Dem Erwerb war eine Familientragödie vorausgegangen. Der 25 Jahre alte Jakob Kornmayer hatte dort am Ende des 19. Jahrhunderts mit seiner 19 Jahren alten Frau Luise Schwarz (von der ehemaligen Brauerei Schwarz und dem späteren Gasthaus »Forelle«), seiner Mutter und seinem zwölfjährigen Stiefbruder Stefan gewohnt. Der Hof war 1893 abgebrannt und wurde an Ort und Stelle wieder aufgebaut.
An einem Sonntagnachmittag wurde Stefan von der heimkehrenden Familie in einer Blutlache liegend tot aufgefunden. Sehr bald fiel der Verdacht auf Jakob Kornmayer, der in den Stunden vor der Tat alleine zu Hause geblieben war. In einem spektakulären Prozess wurde der »Harmersbacher Brudermord« im Januar 1899 vor dem Offenburger Schwurgericht verhandelt. Stefan Kornmayer bestritt bis zuletzt die Tat, doch die Beweise und Zeugenaussagen waren zu erdrückend.
Akribisch wurden Kleidungsstücke und der auf dem Verhandlungstisch liegende Schädel untersucht, in den zwei Kugeln aus dem Gewehr des Angeklagten eingedrungen waren. Zuvor soll Stefan durch Zug am Hemdkragen erdrosselt worden sein. Zeugen stellten dem Beschuldigten ein schlechtes Zeugnis aus. Er soll Stefan umgebracht haben, weil der zuviel Geld besessen habe. Außerdem wurde der Verdacht geäußert, dass Jakob Kornmayer auch den Brand von 1893 selbst gelegt habe. Das Schwurgericht verurteilte ihn zum Tode, später wurde er zu lebenslangem Zuchthaus begnadigt.

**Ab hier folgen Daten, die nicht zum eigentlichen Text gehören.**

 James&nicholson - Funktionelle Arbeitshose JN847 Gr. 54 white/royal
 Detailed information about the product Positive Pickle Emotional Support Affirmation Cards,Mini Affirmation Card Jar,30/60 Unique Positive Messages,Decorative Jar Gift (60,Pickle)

Mit der Erwerb des Hofgutes »Kornmayer« boten sich Stallungen für »taugliches Faselvieh« (Vatertierhaltung), zu deren Haltung die Gemeinde seit Mitte des 19. Jahrhunderts verpflichtet war. Zuvor hatte sie Bullen, Eber und Ziegenböcke in der Pfarrscheuer im Dorf gegen Pachtzins untergebracht, jetzt verfügte man über eine eigene Einrichtung.
Die Gemeinde bestellte jeweils einen Farrenwärter. Zuletzt versah diese Tätigkeit Engelbert Furtwengler, der eher zufällig zu diesem Job kam. Von seinem Hof sah der »Engelbur« zum Farrenstall. Und als er 1970 einen Landwirt mit seiner Kuh vor dem Farrenstall wahr nahm, wollte er ihm nur mitteilen, dass sein Warten verfehlt sei, weil der damalige Farrenwärter Wilhelm Killig erkrankt war. Zufällig stieß zu den beiden der Gemeindebote und dieser ergriff die Gelegenheit beim Schopfe. »Du bleibst jetzt da« verpflichtete er kurzerhand den »Engelbur«. Aus der einmaligen Aushilfe erwuchs die dauerhafte Anstellung.
Im Zuchtbuch von Engelbert Furtwengler ließ sich der landwirtschaftliche Strukturwandel ablesen. »Natürlich hat sich einiges in den letzten Jahren verändert,« erinnerte sich Engelbert Furtwengler bei seiner Verabschiedung im Dezember 2000. Die Sprünge bei den Bullen seien von 600 im Jahr auf knapp die Hälfte geschrumpft. Auch die Eber hätten stürmischere Zeiten erlebt. »Anfangs wurden jährlich noch rund 300 Schweine gedeckt, im letzten Jahr waren es gerade noch 25,« belegte der Farrenwärter anhand seines Zuchtbuches. Und nicht viel anders verlief die Entwicklung bei den Ziegenböcken. Diese waren wegen der geringeren Nachfrage gemeinsam mit Nachbargemeinden jeweils als »Raumschaftsgeißbock« angeschafft und in Oerharmersbach untergestellt worden.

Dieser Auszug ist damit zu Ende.